──────── INPUT
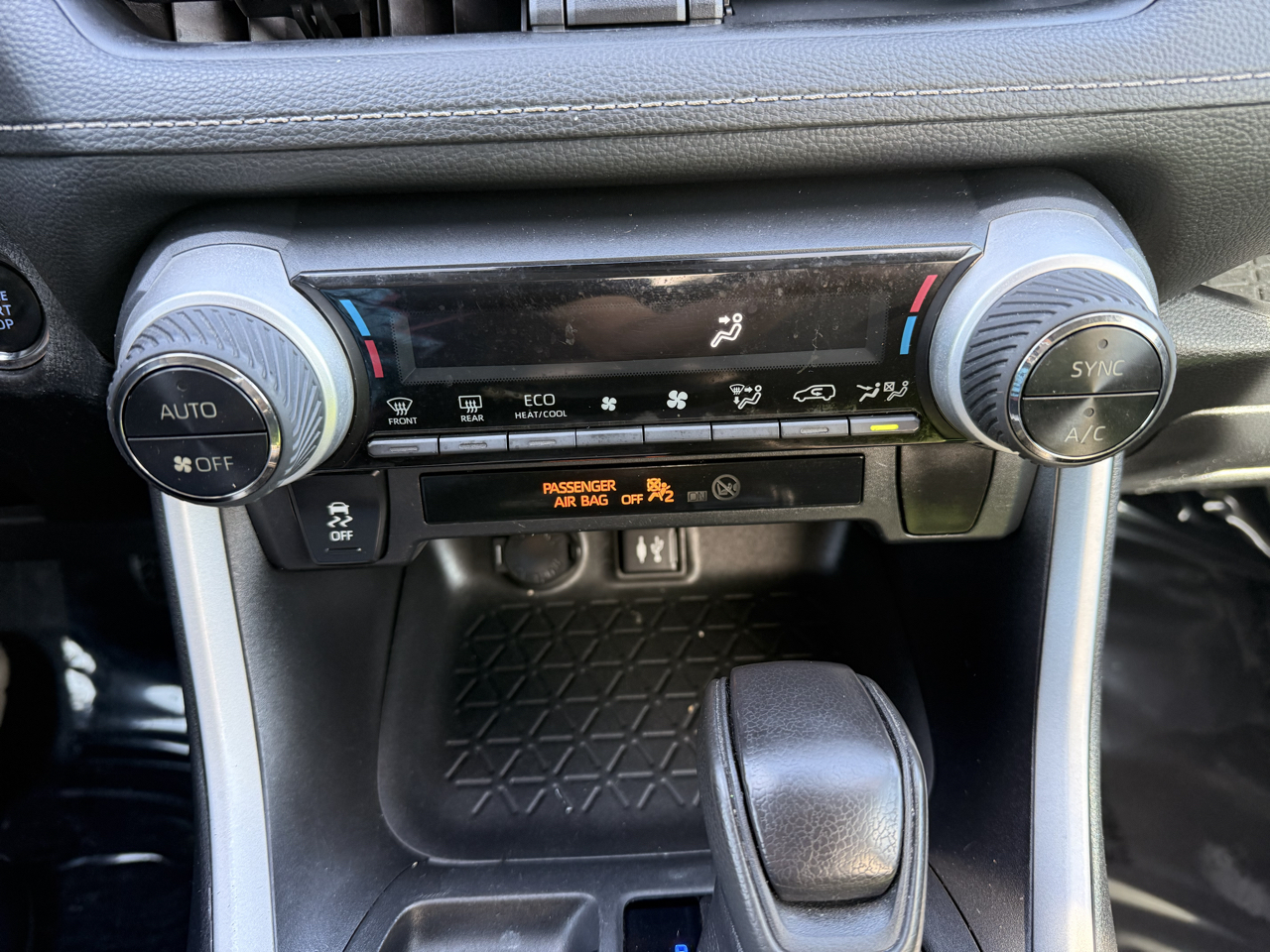Toyota RAV4 XLE FWD (Natl) 2019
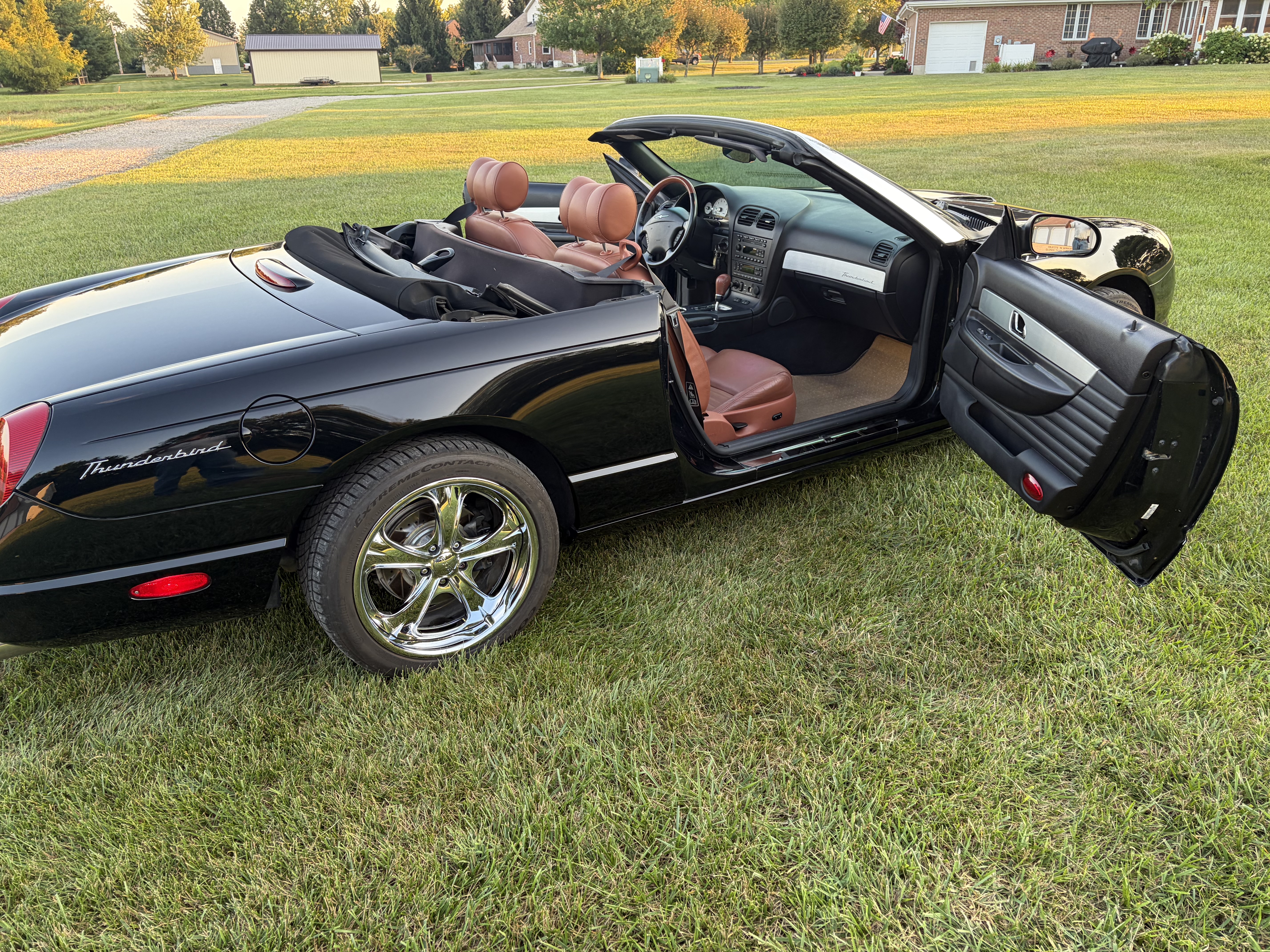 Used 2003 Ford Thunderbird RWD image 18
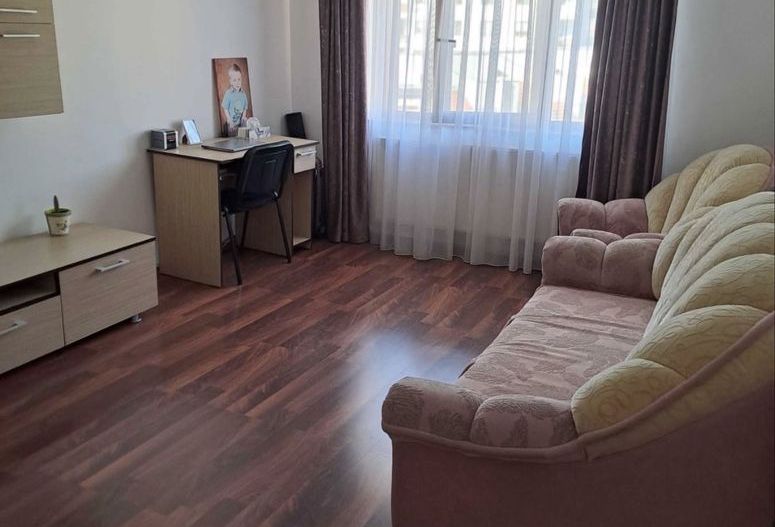 Vand apartament - 2 camere zona  Cetate - Poză 5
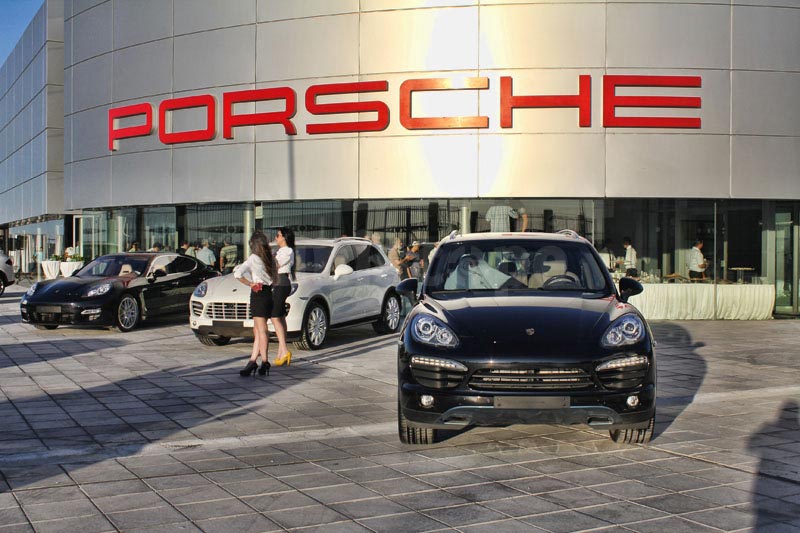 En photos : Nouveau centre PORSCHE à la Goulette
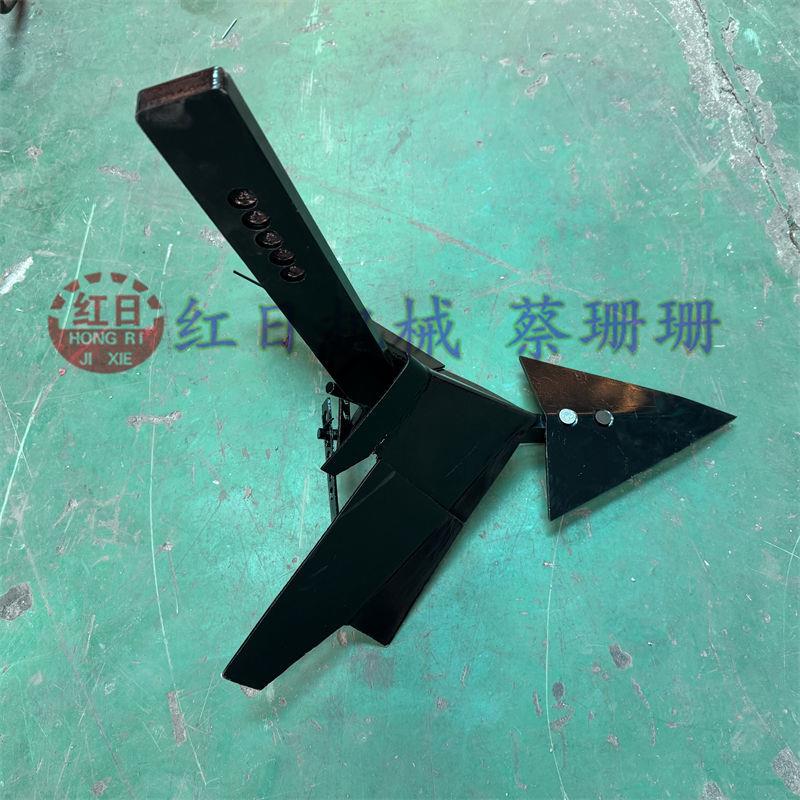 农用机械中耕机配件中耕机犁体开沟犁犁尖锰钢犁头锰钢犁体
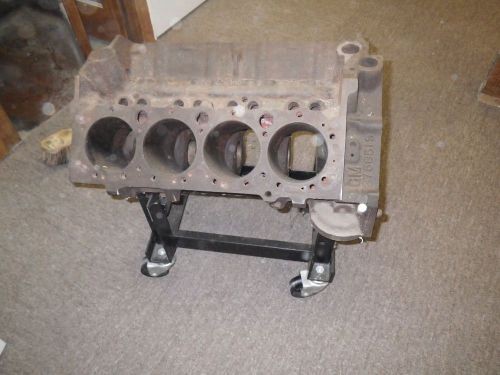 Corvette  bare engine block 3756519 c-9-9  1959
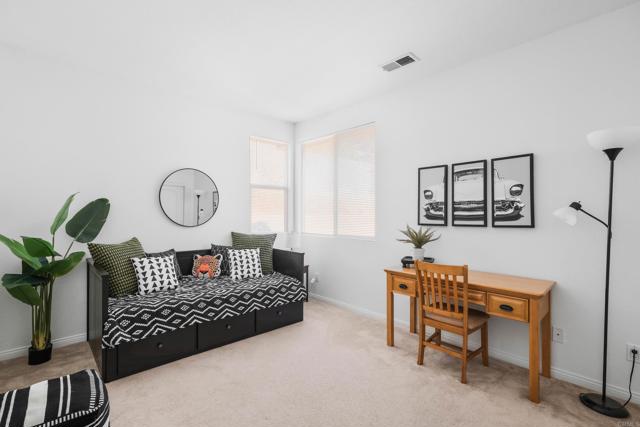 1111 Amelia Place, Escondido CA: https://media.crmls.org/mediaz/3b36c350-4d15-4775-9d8b-e78b1fbe3453.jpg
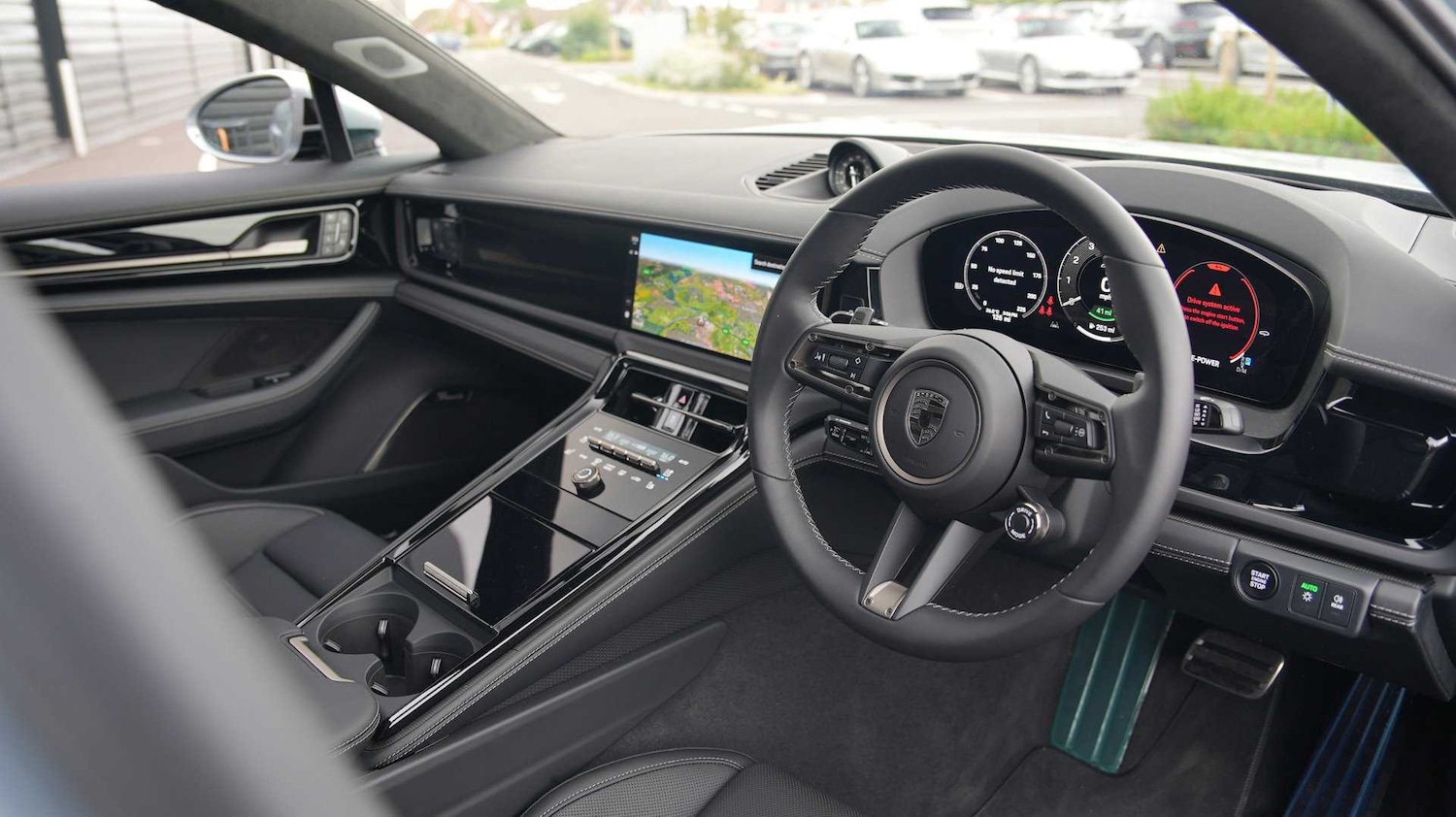 Used Porsche Panamera 2024 for sale - 75216880: Photo 9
────────────────
- _ABOUT THIS EXERCISE_
The records above should be retyped in full and exactly; omit the pictures.

- _FINAL ANSWER_
Toyota RAV4 XLE FWD (Natl) 2019
 Used 2003 Ford Thunderbird RWD image 18
 Vand apartament - 2 camere zona  Cetate - Poză 5
 En photos : Nouveau centre PORSCHE à la Goulette
 农用机械中耕机配件中耕机犁体开沟犁犁尖锰钢犁头锰钢犁体
 Corvette  bare engine block 3756519 c-9-9  1959
 1111 Amelia Place, Escondido CA: https://media.crmls.org/mediaz/3b36c350-4d15-4775-9d8b-e78b1fbe3453.jpg
 Used Porsche Panamera 2024 for sale - 75216880: Photo 9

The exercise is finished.